Heavy hitters opposed
Representatives of the Nevada Restaurant Association, the Retail Association of Nevada, the Las Vegas Metro Chamber of Commerce and the Latin Chamber of Commerce appeared before the board to voice concerns about the proposal.
Speakers singled out for particular criticism proposed new fees related to restaurant inspections. The district proposed a new fee of $400 for a restaurant whose “A” health grade is downgraded to a “B” after a health inspector records 14 to 17 demerits. The fee would increase to $600 for a downgrade involving 18 to 20 demerits.
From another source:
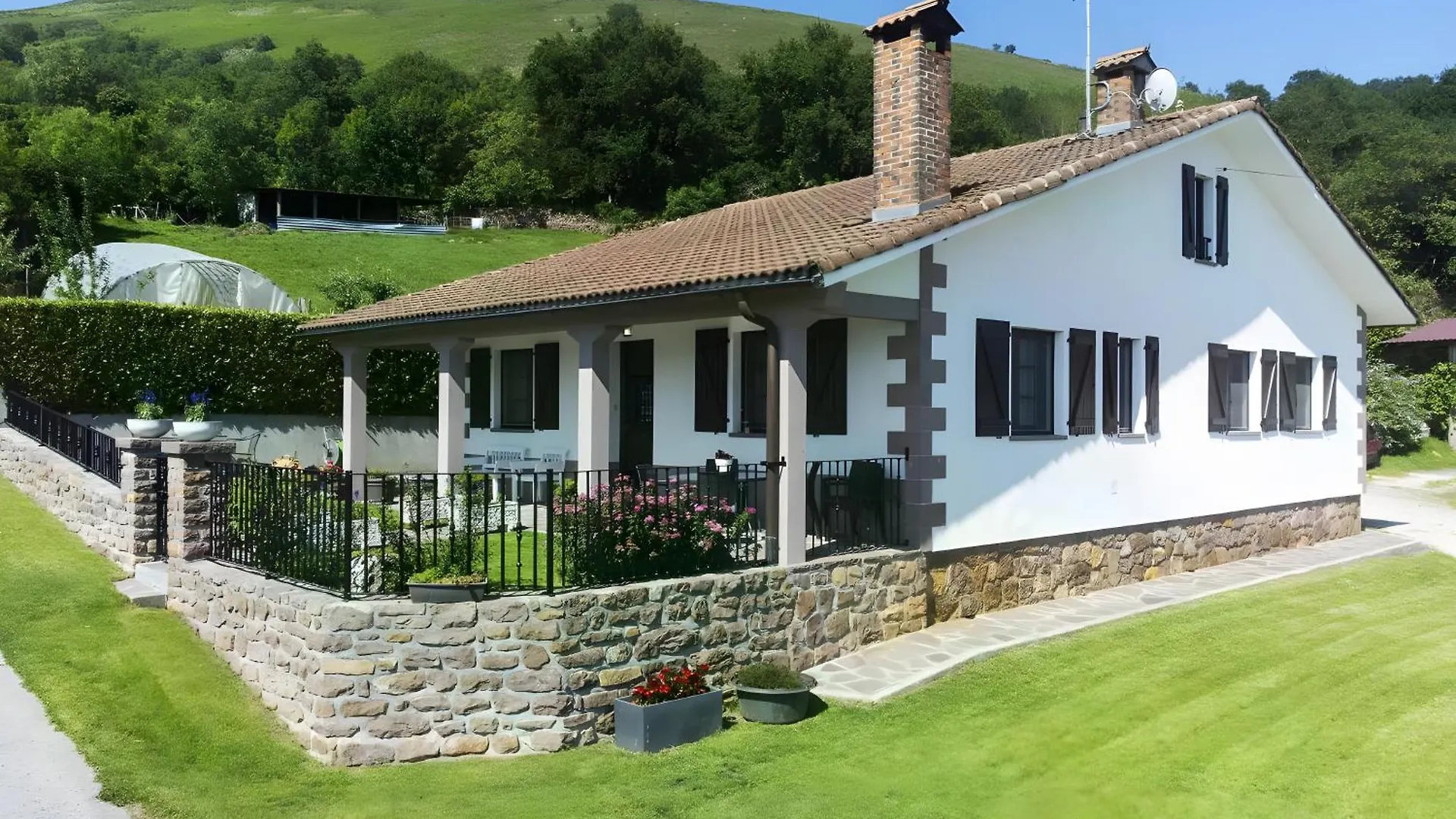 Alojarse en los Pirineos: 7 Casas Rurales Holidu Comparadas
“It’s very easy to get a ‘B’ grade in Las Vegas,” said Cara Evangelista, an environmental health specialist with Impact Food Safety & Environmental Service, whose clients include restaurants. Evangelista said a restaurant could get a “B” grade for offenses as small as “ice in a hand sink.”
She and others also expressed concern that such a fee structure could be seen as an incentive for inspectors to find more demerits, while failing to provide the district with a consistent source of revenue.
Speakers also told the board that small mom-and-pop restaurants could be especially hard hit under the fee structure.
“I do believe it (the restaurant business) is the hardest industry in the world,” restaurant owner Joe Djavairian told the board. “I know what it’s like to be bleeding.”
Djavairian, who with his brother started the family-run Angelina’s Pizzeria & Italian Kitchen chain, said he believes across-the-board increases in annual fees would be a better way to address the issue. Following the meeting, he said his family’s four restaurants currently pay between $1,300 and $1,500 in annual fees.
More study ahead
Even before public comment on the proposal, board Chairman Scott Black suggested that the district take the next 12 months to fully evaluate fee proposals and consider imposing some smaller fees in the interim.
“Let’s find out how much they’re bleeding,” Black said about the Environmental Health Division. “In the meantime, let’s not let them pass out.”
He said the district needs $400,000 in the near term to fund cost-of-living and step increases for employees that were approved in the district’s collective bargaining agreement.
Instead of voting next month on the proposed fees, the board’s finance committee is expected to meet with an advisory committee reviewing the increases to hash out a new proposal.
“I’d like to see a product that everyone can support — or everyone who is reasonable can support,” Black said.